No bunker de controle do teste, localizado na Ilha Eneu, a 2,5 quilômetros do marco zero, o deslocamento de ar foi tão desmesurado que uma porta de 20 toneladas feita para isolar a radiação foi lançada contra outra parede a 4,6 metros de distância. Em 15 minutos, o nível de radiação atingiu 40 R.
Os 23 tripulantes do navio pesqueiro japonês Daigo Fukuryu Maru (Quinto Dragão da Sorte), que passava a quilômetros do atol quando a Bravo foi detonada, foram altamente contaminados com 300 R de radiação. Isso causou uma crise diplomática internacional com o Japão.
(Fonte: The Nuclear Secrecy Blog/Reprodução)

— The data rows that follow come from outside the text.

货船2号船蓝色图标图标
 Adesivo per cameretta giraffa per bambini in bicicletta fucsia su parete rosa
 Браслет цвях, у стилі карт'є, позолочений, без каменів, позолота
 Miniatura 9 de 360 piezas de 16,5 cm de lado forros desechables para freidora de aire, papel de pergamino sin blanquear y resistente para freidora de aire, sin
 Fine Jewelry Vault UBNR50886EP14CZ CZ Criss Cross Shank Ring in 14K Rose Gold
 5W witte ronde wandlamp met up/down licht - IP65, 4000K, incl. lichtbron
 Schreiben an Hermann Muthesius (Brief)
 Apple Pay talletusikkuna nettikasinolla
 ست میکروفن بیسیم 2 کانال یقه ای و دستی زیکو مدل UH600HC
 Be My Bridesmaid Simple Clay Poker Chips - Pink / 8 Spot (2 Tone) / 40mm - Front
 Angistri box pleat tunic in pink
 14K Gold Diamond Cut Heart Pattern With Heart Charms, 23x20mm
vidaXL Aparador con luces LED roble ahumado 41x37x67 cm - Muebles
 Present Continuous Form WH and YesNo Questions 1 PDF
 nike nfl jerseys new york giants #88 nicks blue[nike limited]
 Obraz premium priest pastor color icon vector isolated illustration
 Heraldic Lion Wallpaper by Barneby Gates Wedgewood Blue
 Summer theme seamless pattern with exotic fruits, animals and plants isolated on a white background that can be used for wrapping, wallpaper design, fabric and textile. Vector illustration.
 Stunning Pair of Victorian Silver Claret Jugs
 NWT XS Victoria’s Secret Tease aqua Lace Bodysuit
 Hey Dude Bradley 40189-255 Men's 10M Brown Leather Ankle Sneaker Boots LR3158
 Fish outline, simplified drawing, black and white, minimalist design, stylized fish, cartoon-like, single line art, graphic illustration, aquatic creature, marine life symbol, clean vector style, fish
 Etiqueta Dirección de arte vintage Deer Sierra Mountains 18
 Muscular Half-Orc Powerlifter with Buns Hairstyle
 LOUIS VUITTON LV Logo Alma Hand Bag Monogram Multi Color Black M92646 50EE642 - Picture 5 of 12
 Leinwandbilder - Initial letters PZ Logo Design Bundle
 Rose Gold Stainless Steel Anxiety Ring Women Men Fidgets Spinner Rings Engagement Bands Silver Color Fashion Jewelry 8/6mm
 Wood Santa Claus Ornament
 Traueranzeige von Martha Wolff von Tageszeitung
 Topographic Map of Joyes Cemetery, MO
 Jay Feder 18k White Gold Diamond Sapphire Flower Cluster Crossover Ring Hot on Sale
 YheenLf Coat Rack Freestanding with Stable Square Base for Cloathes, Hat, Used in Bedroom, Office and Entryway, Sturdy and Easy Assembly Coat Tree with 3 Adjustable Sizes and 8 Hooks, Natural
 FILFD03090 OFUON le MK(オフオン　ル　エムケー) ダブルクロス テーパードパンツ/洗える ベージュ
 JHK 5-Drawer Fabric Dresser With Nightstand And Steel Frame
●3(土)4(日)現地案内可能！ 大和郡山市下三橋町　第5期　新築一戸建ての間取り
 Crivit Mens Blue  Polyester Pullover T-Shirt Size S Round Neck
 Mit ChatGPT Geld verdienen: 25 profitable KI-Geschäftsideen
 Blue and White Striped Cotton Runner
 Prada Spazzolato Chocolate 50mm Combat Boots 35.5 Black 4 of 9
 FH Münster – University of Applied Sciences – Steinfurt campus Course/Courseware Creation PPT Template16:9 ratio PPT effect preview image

Um erro teórico na concepção da bomba Castle Bravo foi o motivo de ela ter explodido com a força de 15 em vez de 6 megatons. Os cientistas consideraram apenas o trítio, o deutério e o lítio-6 como substâncias combustíveis, portanto não se importaram de deixar o lítio-7, que constituía 60% da bomba. O resultado foi uma produção de trítio além do normal, o que aumentou a taxa de fusão nuclear e, consequentemente, a de fissão. O cálculo errado se repetiria com a Castle Romeo, mas a sucessão de erros não parou por aí.
A detonação da Bravo foi a maior explosão nuclear já feita na história dos Estados Unidos e causou o pior desastre radiológico nele também. Apesar de os cientistas terem visto na véspera da detonação que os ventos tinham mudado, o que implicava no trajeto da poeira radioativa , o general Percy Clarkson, comandante da força-tarefa militar responsável pela Operação Castelo, e o Dr. Alvin C. Graves, diretor científico do projeto, ordenaram que o teste seguisse como planejado.
Como consequência, vestígios radioativos se espalharam até a Austrália, a Índia, o Japão, a Europa e até algumas partes dos Estados Unidos. Milhares de pessoas foram afetadas para sempre.